Los valores y los principios no pueden estar encorsetados y supeditados a las ideas irreflexivas porque en ese momento desaparece la posibilidad del debate limpio, consensuado, dialogante… que termina dando pie a la intolerancia, cuando no al odio. Así sucede cuando ante cualquier hecho de connotaciones trágicas, en cuanto a coste de vidas humanas, se pasa del esperpento al drama o viceversa, en función de posiciones ideológicas que a veces se pretenden justificar con una equidistancia a todas luces imposible e injustificada, sin olvidar las estupideces históricas, más propias de la incultura o analfabetismo, elaborando discursos sin sentido como el de la crucifixión de Cristo o el referido a la Fiesta Nacional como genocidio de los pueblos de América. Esto suena a Evangelio Apócrifo y a desconocimiento histórico y significado de la palabra genocidio, por parte de sus autores: Maduro y la señora Belarra.

Comentado esto, pero no desvinculado, da tristeza, sin olvidar el temor, comprobar que en estos momentos el futuro de España está en manos de dos personas con presuntas personalidades muy cercanas a lo patológico y que optan a un mismo objetivo personal, aunque de diferente dimensión, tal cual es la obtención del Poder y obviando, en ambos casos, el perjuicio a millones de terceras personas.
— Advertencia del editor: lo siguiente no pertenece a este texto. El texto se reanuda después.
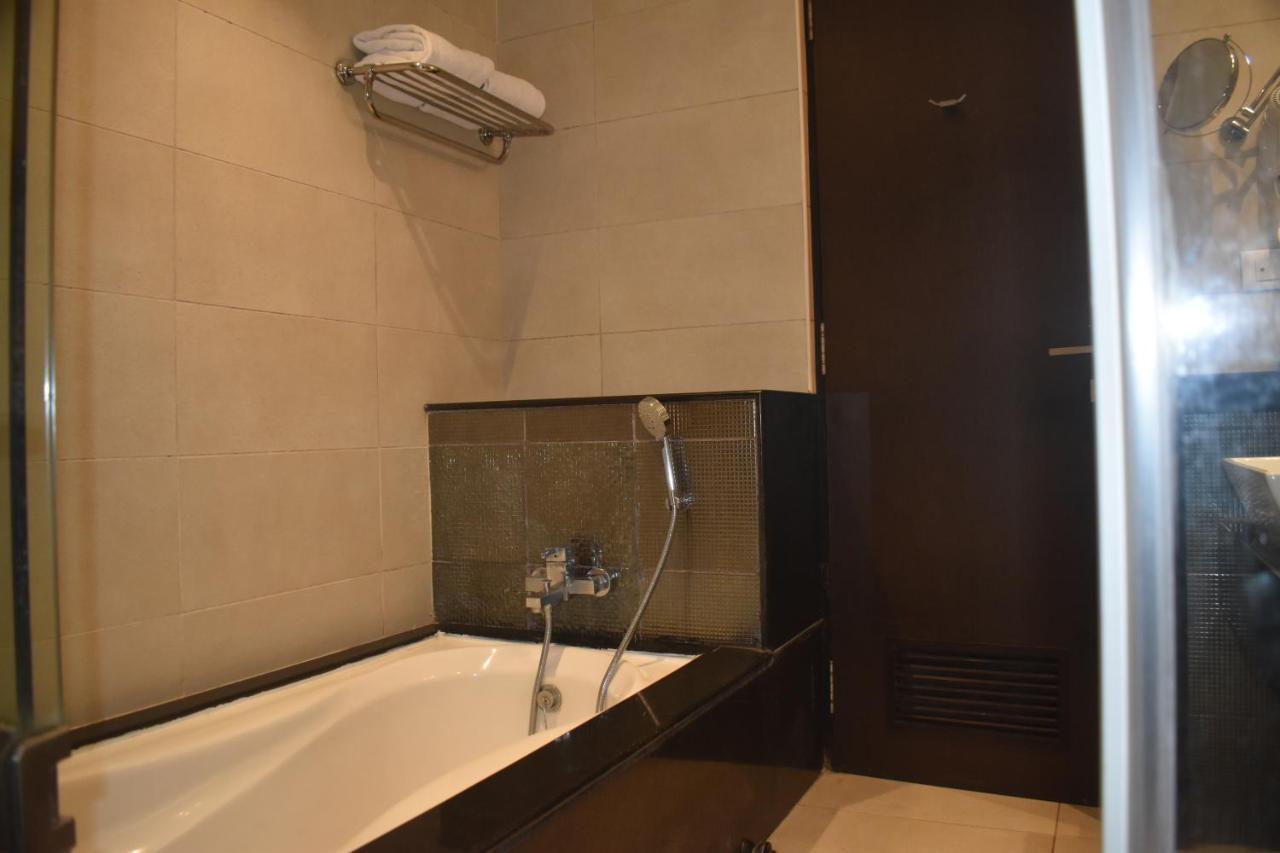 Royal Orchid Central, Shimoga Extérieur photo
En el entreacto de esta escenificación de la contienda no faltan personajes con una alta carga de especulaciones y ensoñaciones idílicas pero muy rentables para sus propias aspiraciones también. Qué bella dialéctica, capaz de llegar a convertir un abucheo al presidente –incorrecto, sin duda, pero sin la dimensión de un escrache– de anécdota a problema de Estado con señalamiento preventivo de culpabilidad a la oposición, que tuvo en más de una ocasión que probar el amargo sabor del jarabe democrático elaborado por algún socio del presidente. Y así estamos. La paz mundial, quebrada en muchos sitios; los asesinados son fallecidos, mediáticamente; los españoles, injustos crucificadores y genocidas históricos… mientras dos personajes ansían su poder exclusivo por la vía de los halagos. Uno no soporta silbidos y otro rinde culto al maletero que lo encumbró.